## ACTIVITY
The expected response is an exact repetition of every record, with images excluded.

Short web captions:
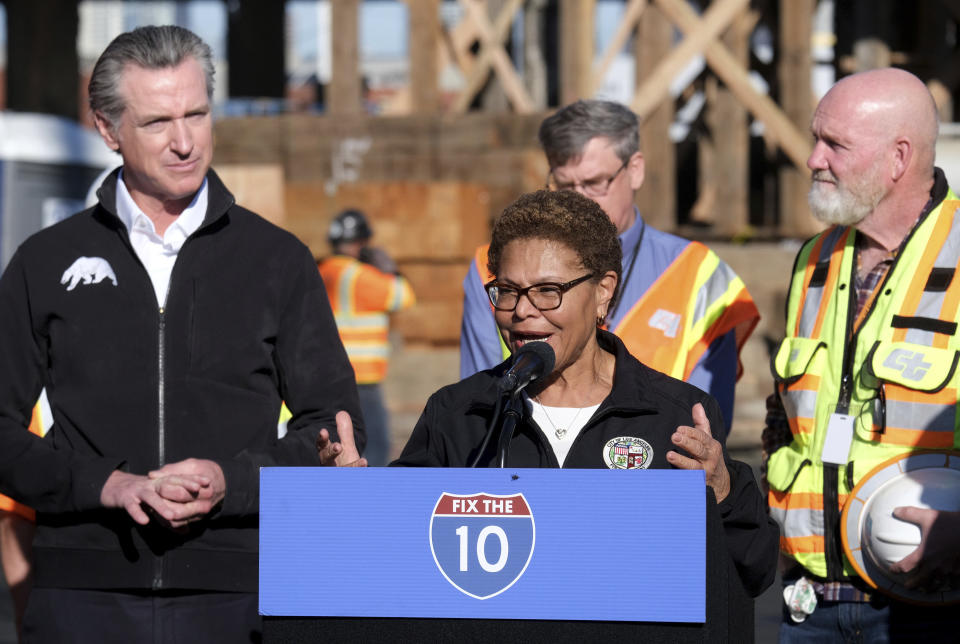 Los Angeles Mayor Karen Bass, center, joined by California Gov. Gavin Newsom, left,, speaks during a news conference about repairs for a stretch of Interstate 10, Tuesday morning Nov. 14, 2023, in Los Angeles. It will take at least three weeks to repair the Los Angeles freeway damaged in an arson fire, the Newsom said Tuesday, leaving the city already accustomed to soul-crushing traffic without part of a vital artery that serves hundreds of thousands of people daily. (Dean Musgrove/The Orange County Register via AP)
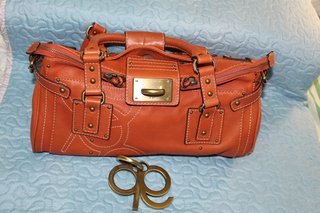 Bolso naranja de piel con detalles metálicos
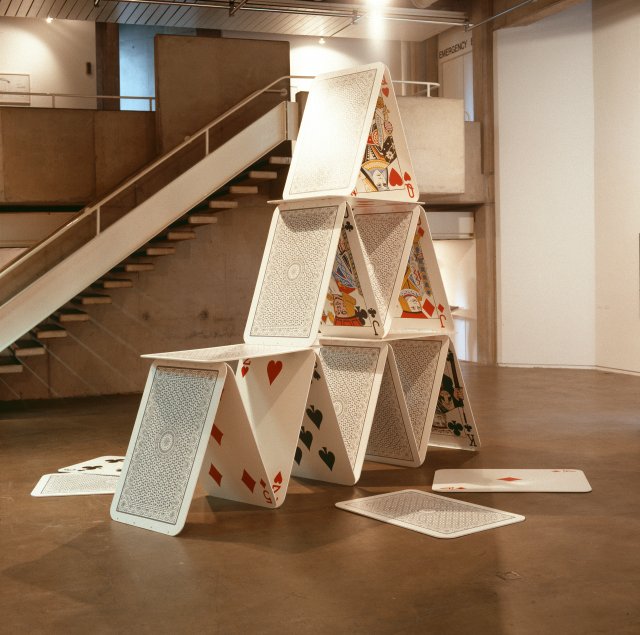 Safe as Houses.  Catherine Kelly.  Douglas Hyde Gallery, Dublin. 22 laquered boards screenprinted on both sides (46" x 30" each) fashioned to resemble a house of playing cards. 10"8"h x 13"8"w x 11'5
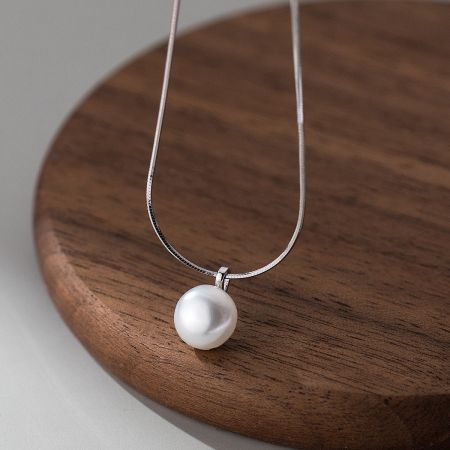 Detailed view of the pearl pendant on the choker necklace, displayed on a wooden block.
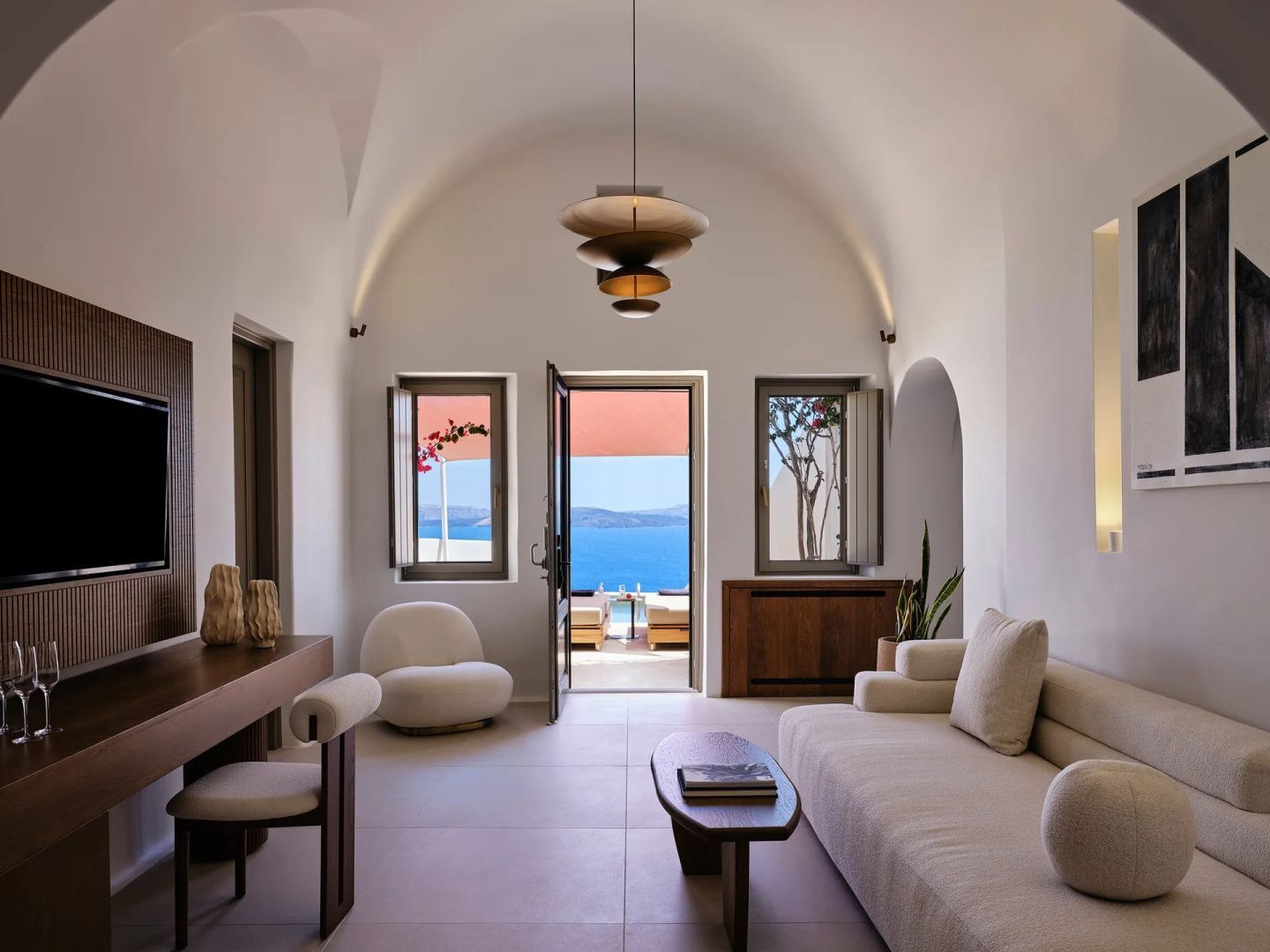 Hell eingerichteter Wohnbereich in Gewölbebauweise mit Sofa, Sessel und Blick aufs Meer.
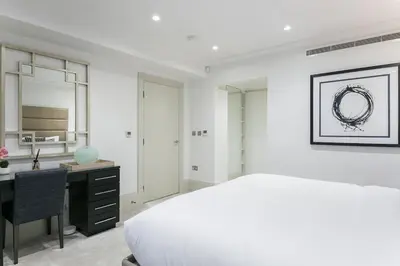 a white bedroom with a desk and a bed and a desk at Luxury 2BR Park Lane Apartment Mayfair Sleeps 6 PL15B in Moffat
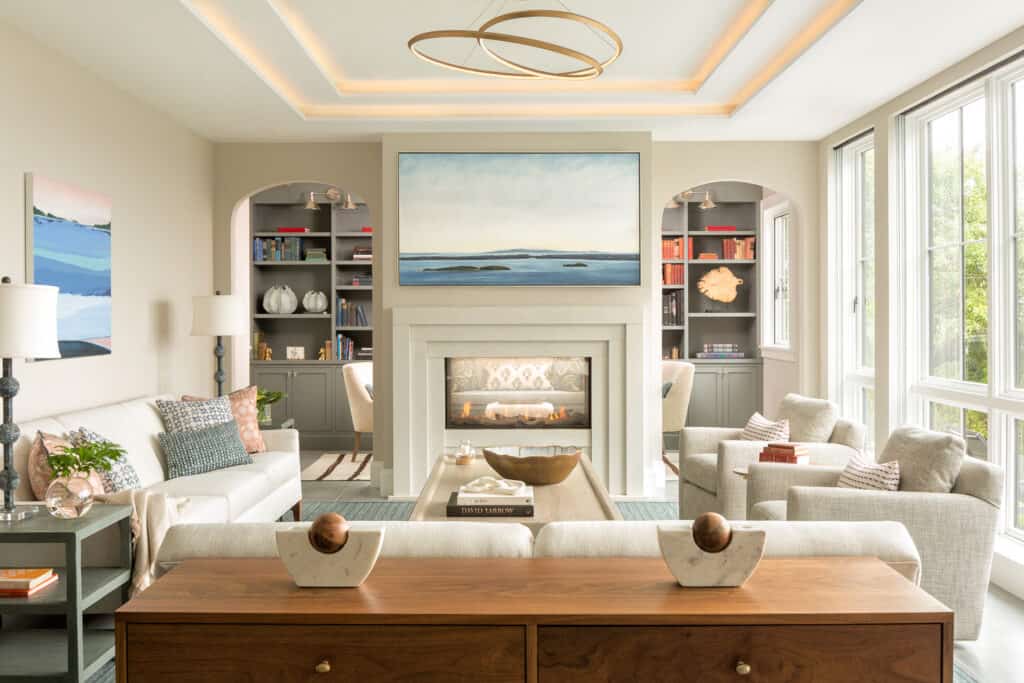 A modern shingle-style home rests peacefully on the Maine coast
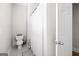 Neutral bathroom with a toilet, shower, and white door at 237 Highcrest Dr, Acworth, GA 30101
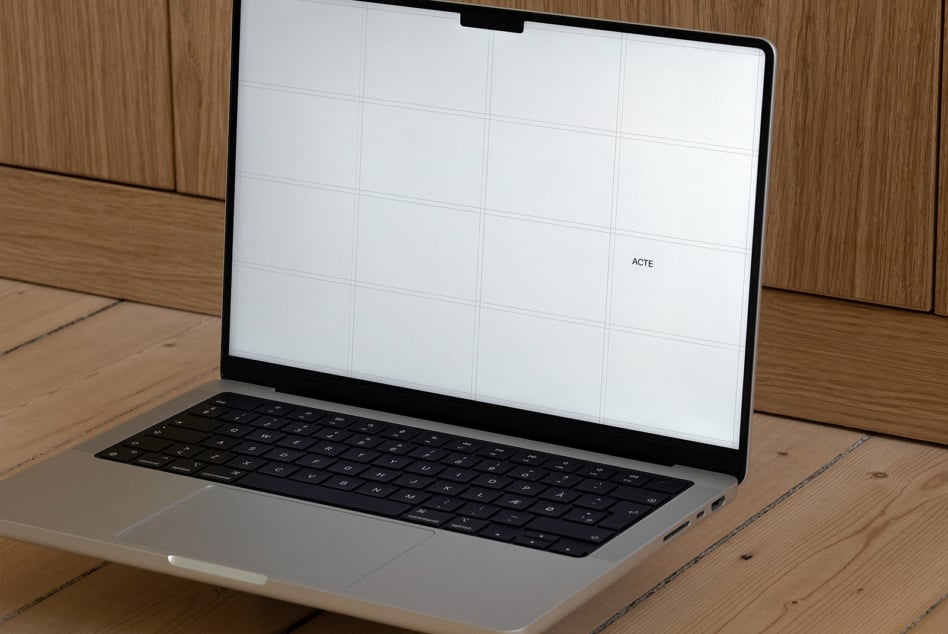 Silver laptop with white screen showing grid layout on wooden desk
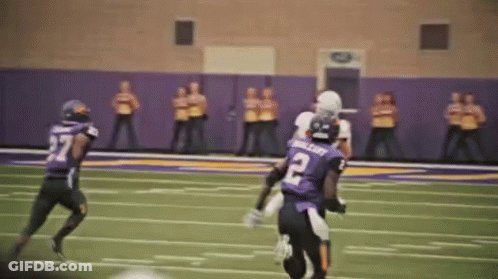 Football Player Number 10 Standing On Field GIF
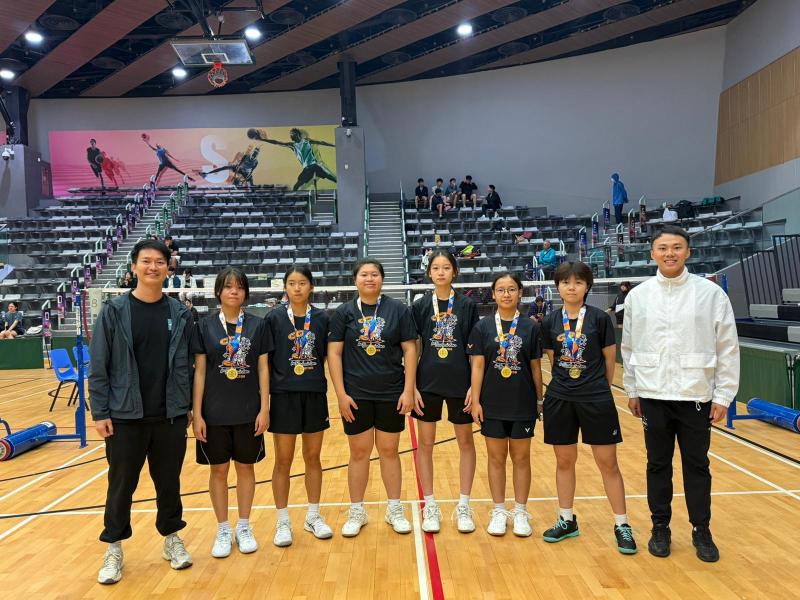 Girl's Grade A Badminton Team for winning the championship in the Yuen Long Inter-School Competition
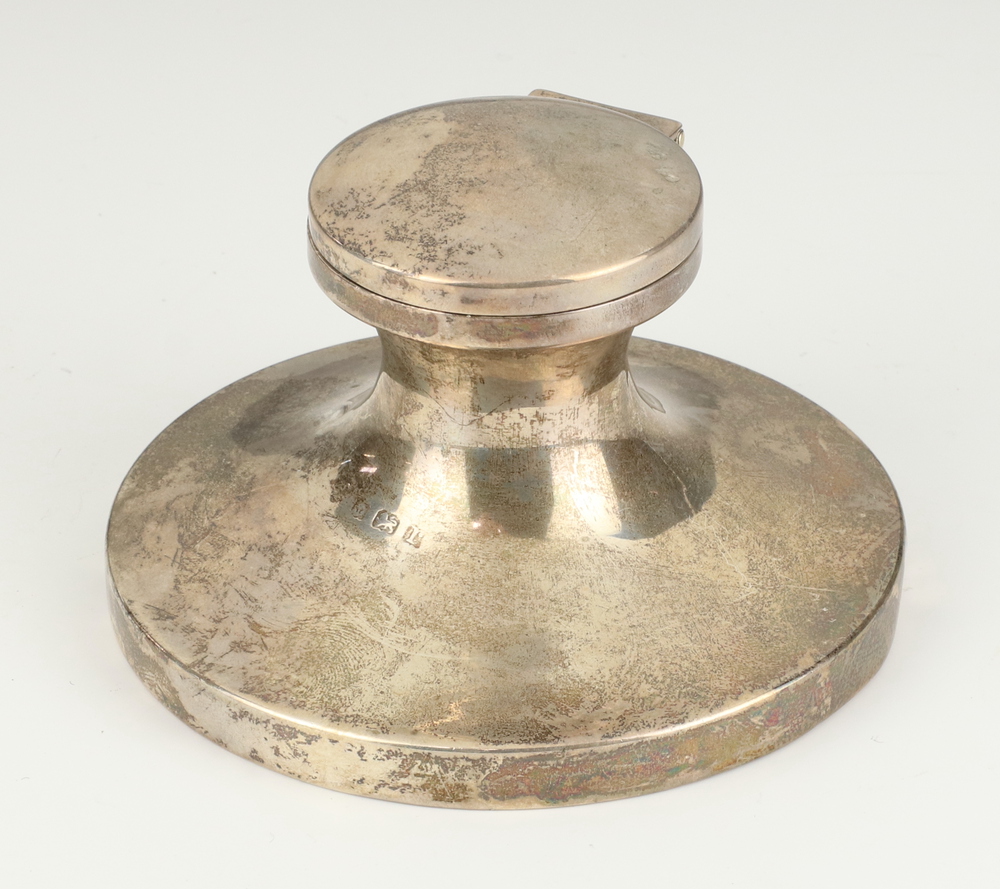 A silver circular capstan inkwell Birmingham 1916, 11cm This is 7cm high and 11 cm in diameter The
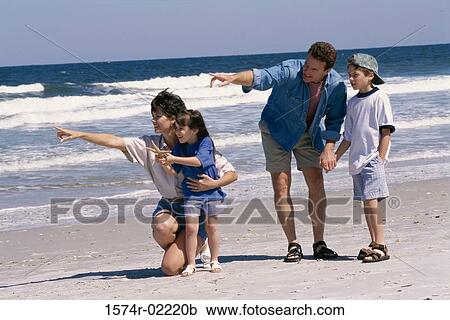 Stock Image - Parents with their son and daughter on the beach. Fotosearch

## EXPECTED OUTPUT
 Los Angeles Mayor Karen Bass, center, joined by California Gov. Gavin Newsom, left,, speaks during a news conference about repairs for a stretch of Interstate 10, Tuesday morning Nov. 14, 2023, in Los Angeles. It will take at least three weeks to repair the Los Angeles freeway damaged in an arson fire, the Newsom said Tuesday, leaving the city already accustomed to soul-crushing traffic without part of a vital artery that serves hundreds of thousands of people daily. (Dean Musgrove/The Orange County Register via AP)
 Bolso naranja de piel con detalles metálicos
 Safe as Houses.  Catherine Kelly.  Douglas Hyde Gallery, Dublin. 22 laquered boards screenprinted on both sides (46" x 30" each) fashioned to resemble a house of playing cards. 10"8"h x 13"8"w x 11'5
 Detailed view of the pearl pendant on the choker necklace, displayed on a wooden block.
 Hell eingerichteter Wohnbereich in Gewölbebauweise mit Sofa, Sessel und Blick aufs Meer.
 a white bedroom with a desk and a bed and a desk at Luxury 2BR Park Lane Apartment Mayfair Sleeps 6 PL15B in Moffat
 A modern shingle-style home rests peacefully on the Maine coast
 Neutral bathroom with a toilet, shower, and white door at 237 Highcrest Dr, Acworth, GA 30101
 Silver laptop with white screen showing grid layout on wooden desk
 Football Player Number 10 Standing On Field GIF
 Girl's Grade A Badminton Team for winning the championship in the Yuen Long Inter-School Competition
 A silver circular capstan inkwell Birmingham 1916, 11cm This is 7cm high and 11 cm in diameter The
 Stock Image - Parents with their son and daughter on the beach. Fotosearch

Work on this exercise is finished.